Try bumping the font-size on #header #search up to see things resize.

Worth knowing, Helvetica is wider than Arial, which is why it might look fine
on Windows and too wide on Mac.

------
kilian
Fun idea!

Tiny nitpick: Change the width of #content to auto. Same effect (as wide as
the page) but right now there is a horizontal scrollbar.

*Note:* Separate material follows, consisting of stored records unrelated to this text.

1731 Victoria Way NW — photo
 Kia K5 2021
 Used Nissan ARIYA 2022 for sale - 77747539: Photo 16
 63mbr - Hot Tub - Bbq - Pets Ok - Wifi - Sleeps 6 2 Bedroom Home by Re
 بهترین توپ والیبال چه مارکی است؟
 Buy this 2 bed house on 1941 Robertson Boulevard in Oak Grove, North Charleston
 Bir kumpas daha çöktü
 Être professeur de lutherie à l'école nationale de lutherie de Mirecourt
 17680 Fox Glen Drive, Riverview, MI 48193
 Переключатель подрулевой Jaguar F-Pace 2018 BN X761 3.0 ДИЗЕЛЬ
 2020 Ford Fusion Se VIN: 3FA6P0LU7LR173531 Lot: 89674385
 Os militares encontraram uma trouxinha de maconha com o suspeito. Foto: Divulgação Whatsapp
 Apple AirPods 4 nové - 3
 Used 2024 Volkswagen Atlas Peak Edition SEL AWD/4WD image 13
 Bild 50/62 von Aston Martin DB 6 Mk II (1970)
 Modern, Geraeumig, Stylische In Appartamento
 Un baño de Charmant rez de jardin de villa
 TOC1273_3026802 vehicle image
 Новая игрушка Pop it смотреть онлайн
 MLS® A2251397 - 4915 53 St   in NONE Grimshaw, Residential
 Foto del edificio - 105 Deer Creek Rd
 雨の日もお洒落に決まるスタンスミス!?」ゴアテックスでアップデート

At Shuffler.fm we used a small trick that, for all our ajax links would
forward the Facebook crawler to a page with just the metadata for a specific
page, worked very well.

------
adamjernst
All-client-side JS stuff is really exciting and now that we have URL control
in the browser and performant JS engines in browsers, it's only going to get
better. This site is a great example of where things are headed.

------
jrussbowman
If you like this kind of development, I'd suggest you check out YQL. I built
www.choip.me which handles most of the interface and twitter interaction using
yql to interact with twitter, that's a good example. I haven't touched
choip.me in a long time, just never turned it off so I'm sure portions of it
are broken.

Another example of where I've done this is with the autocomplete at
unscatter.com, where I used yql to pull data from Blekko. yql for sites that
haven't blocked it can be a pretty invaluable tool for doing client side
development against websites/apis.

------
Animus7
The title is misleading. It's not 100% client-side if it queries facebook's
servers. And it will only scale as well as S3 and facebook allow. That's a far
cry from infinite.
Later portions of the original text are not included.